I have a lead soldering pot and have remade cables by drilling out the original cable ends and soldering in new cable. It is not difficult.
Cables do stretch a little. Does your brake have adjustment to tighten the cable?


----------



## wrongway (Apr 4, 2019)

fat tire trader said:


> I have a lead soldering pot and have remade cables by drilling out the original cable ends and soldering in new cable. It is not difficult.
> Cables do stretch a little. Does your brake have adjustment to tighten the cable?

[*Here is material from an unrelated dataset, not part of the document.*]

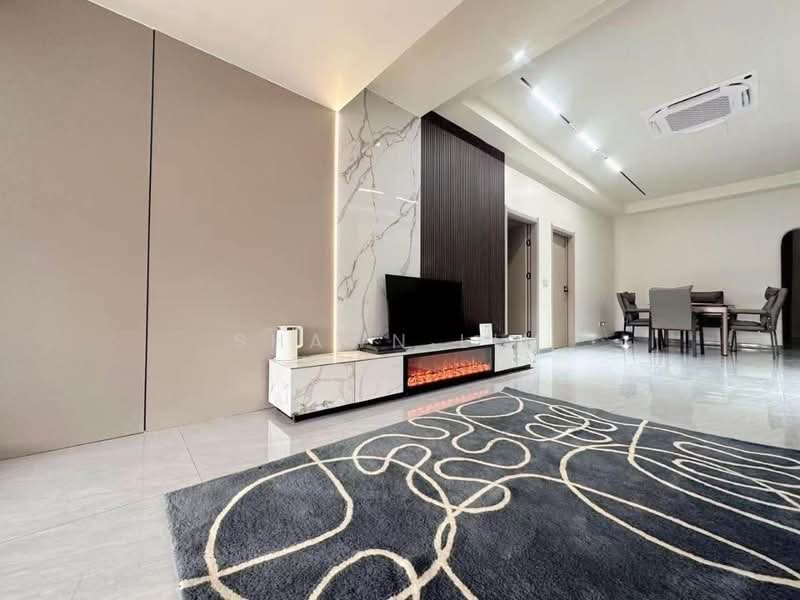 Semi-Detached House for Sale in Taman Abad (Johor Bahru) - Shawn Lim - Living Room - PropertyGuru.com.my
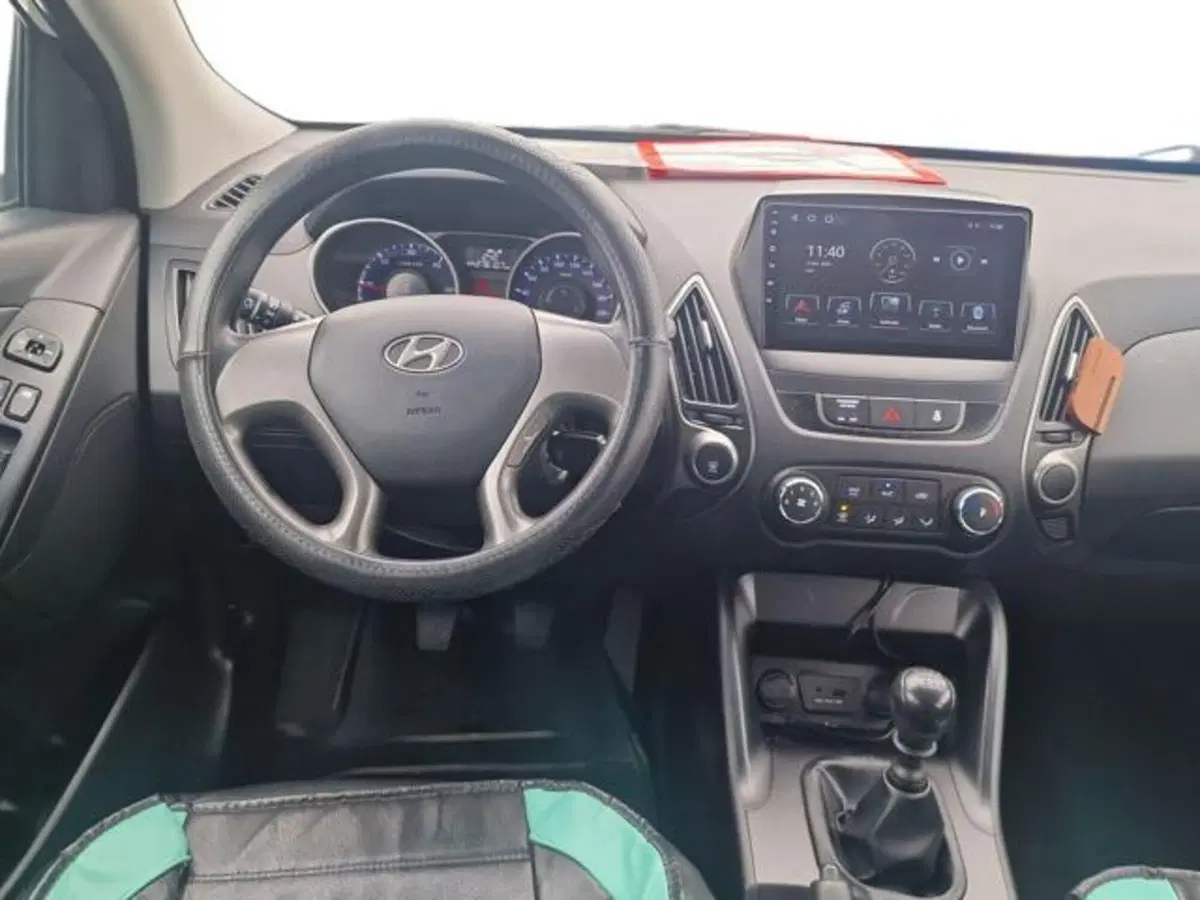 Hyundai ix35 usata a Salerno (10)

I believe it does have the adjuster.


----------



## fat tire trader (Apr 4, 2019)

Then look at how much adjustment is being used to take up the slack and how long the cables are to decide how long to make the new ones.


----------



## SirMike1983 (Apr 9, 2019)

They can also be made by crimping a spare spoke nipple to the cable with a set of Bell Systems cable crimpers. To make the cable, you get the length you need and crimp the nipple into position using the Bell Systems Model D crimper.


----------



## wrongway (Apr 10, 2019)

It looks like the caliper end will be fairly easy, but the lever end might be more difficult.


----------